TO DO: In the listing that follows, print every line exactly and leave the images out.

COLLECTED MATERIAL:
────────────────

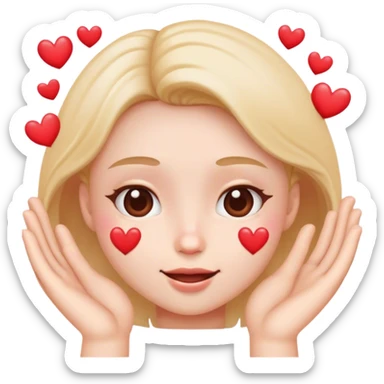 Cute face with hearts and hands showing off face sticker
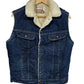 Vintage Sears Roebuck Western Wear Sherpa Lined Denim Vest Size Medium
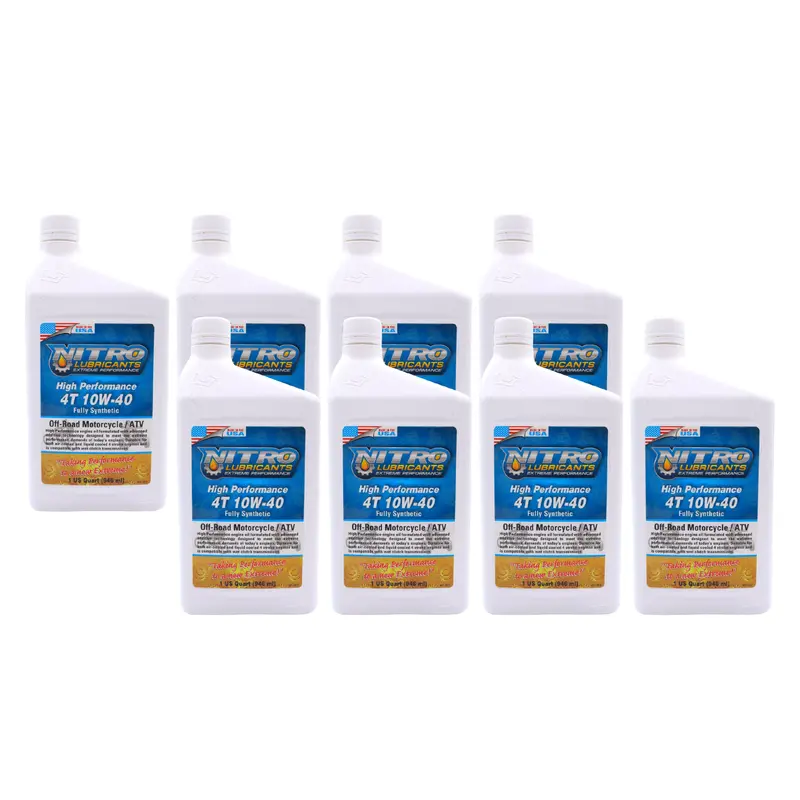 Nitro Lubricants 10W-40 Semi-Synthetic 4-Stroke Oil – 1 Qt High-Performance Formula For Motorcycles, Atvs & Utvs (8-Pack) 1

────────────────

RESPONSE AREA:
 Cute face with hearts and hands showing off face sticker
 Vintage Sears Roebuck Western Wear Sherpa Lined Denim Vest Size Medium
 Nitro Lubricants 10W-40 Semi-Synthetic 4-Stroke Oil – 1 Qt High-Performance Formula For Motorcycles, Atvs & Utvs (8-Pack) 1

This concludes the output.